The Impact of Noise and Developments on Music Venues

Closed-down nightclub, Madame Jojos’ in Soho, London. Image © Garry Knight

Claire Callow is regularly departing the office for another live gig experience, and is well versed in many of London’s varied music venues. However, during her gigging life, so has seen well-loved venues disappear. There are many reasons for this, especially as our entertainment is now often streamed into our homes. But is there hope that established live entertainment venues could be protected through a new Private Members Bill?

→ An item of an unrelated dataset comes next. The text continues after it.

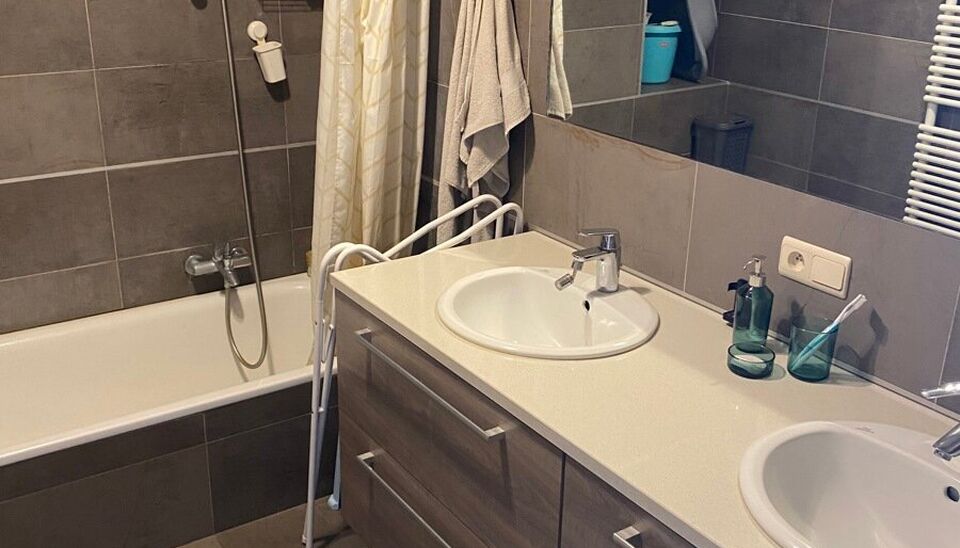 Appartement &agrave; vendre &agrave; Machelen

I love live music…most of my disposable income goes on it. Living in London, I am spoilt for choice and have been known to go to a gig every night of the week (exhausting, but totally worth it!). I am often saddened by the disappearance of amazing venues across the country because of changing trends, viability, the need for other development or some other reason. Over my gig lifespan, many iconic venues have been lost, including:

  • The London Astoria, Soho, London
  • Hacienda, Manchester
  • International, Manchester
  • Turnmills, Clerkenwell, London
  • Earls Court, London
  • Madame Jojos’, Soho, London
  • Boardwalk, Sheffield

 

Noise

Venues can become unviable, but on occasion external pressures through development can place pressure on existing venues. A common concern of new development is the impact of noise which has, in the past, placed pressure on the venue to make improvements to sound proof/make changes after a development has happened close to the venue. This was the case at Ministry of Sound in Elephant and Castle, in early 2013. The club objected to the development of a tower block which was very close to them in the fear that complaints about noise would force the club to close. After a lengthy process the club finally agreed a deed of easement to allow noise to be generated.

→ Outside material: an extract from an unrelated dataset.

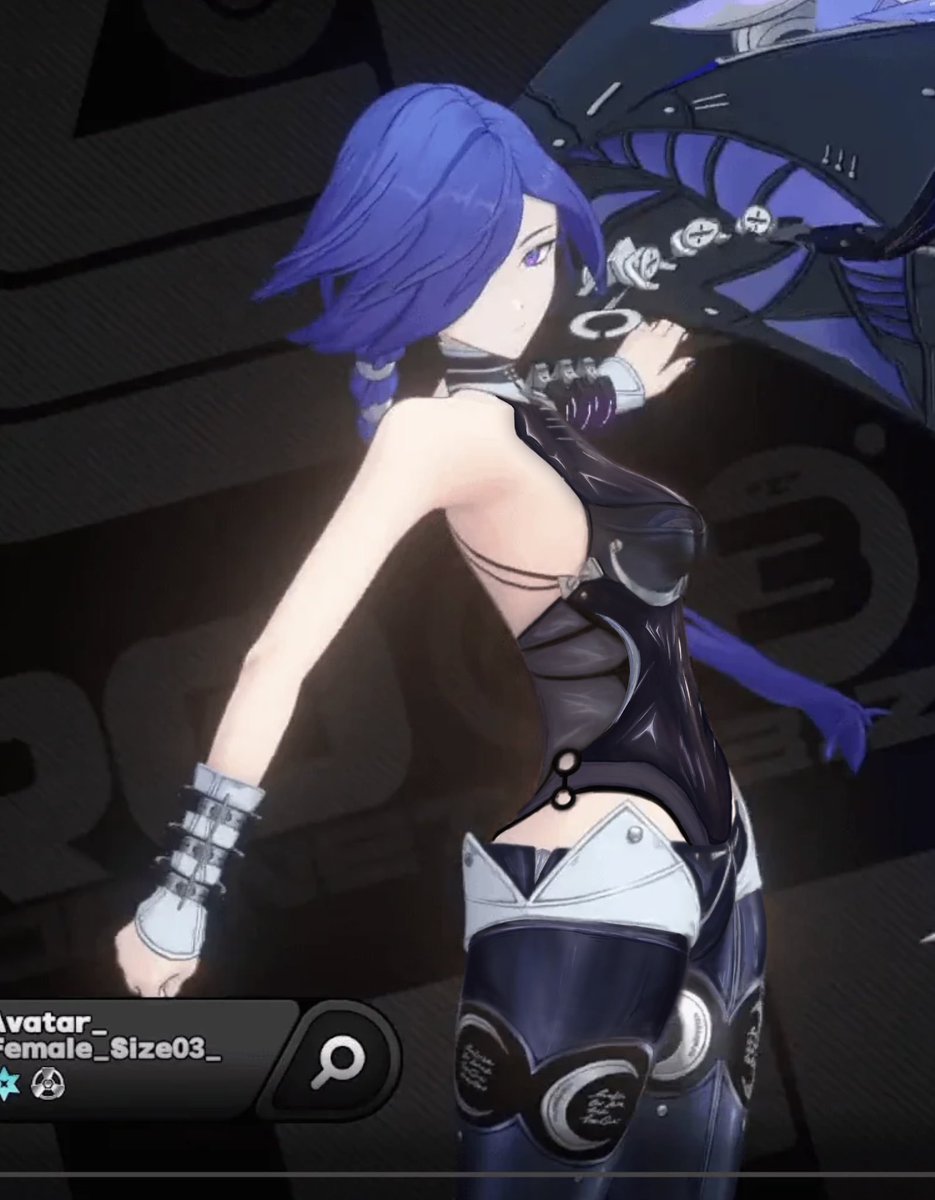 ZZZ Anonymous tweet media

Many venues have had to improve their sound proofing after a development has taken place but, in the UK, the Music Venue Trust has been instrumental in fighting the corner of these venues. Their campaign for ‘agent of change’ started after the idea passed into law in Victoria, Australia in 2014; Music Victoria explain the principle as follows:

“In practical terms, this means that a new residential planning proposal close to a live music venue will need to include appropriate noise attenuation measures. Similarly, if a live music venue seeks to expand, the owner/operator will be responsible for attenuating any noise effects that are caused by that change”.

This appears to be a fair and logical deal for both parties. A positive step for London venues is that this has already been included in the draft London Plan (Policy D12/13).

However, UK Law say that whoever is making the noise/nuisance is responsible for this. Changing this took a big step on the 10th January, 2018; after a three-year campaign, John Speller MP’s Planning Agent of Change Bill was read in parliament and no objections were raised and so the fight continues.

This change will have a massive impact on the music venue industry and I hope that it will go some way to help prevent the ever-increasing number of venues closing.

 

Development

The impact of development on music venues is widely known within my group of gig loving friends and often there is a bad taste left in the mouth after the venue disappeared.

One example is the Astoria, which was located in the heart of central London. For regular gig goers it was the perfect venue; slightly grubby, but absolutely brilliant for bands and the club nights it put on. It closed in 2009 to make way for the development of Crossrail. There have been many rumours about a replacement for the Astoria being built, but nothing has yet come forward. There was, however, a planning application approved in 2012 for a new theatre to be developed on the original site, although it is not clear whether this will be for gigs. The site has now been handed over to the developer, so I am sure that many people will be watching with interest to see how this unfolds.

The Hacienda in Manchester was instrumental in the acid house and ‘Madchester’ movement over the 1980/90’s. Peter Hook, bassist in Manchester bands, Joy Division and New Order, and part owner of the club, wrote a book about how not to run a club (see further reading); the institution was not a viable club for any of the investors and this – along with drug problems – forced its closure. When it was announced that this cultural hub would be turned into flats, a little bit of Manchester culture died. I was lucky enough to go there when studying at Salford University and I will always have fond memories of The Hacienda, even though I wasn’t there at its peak.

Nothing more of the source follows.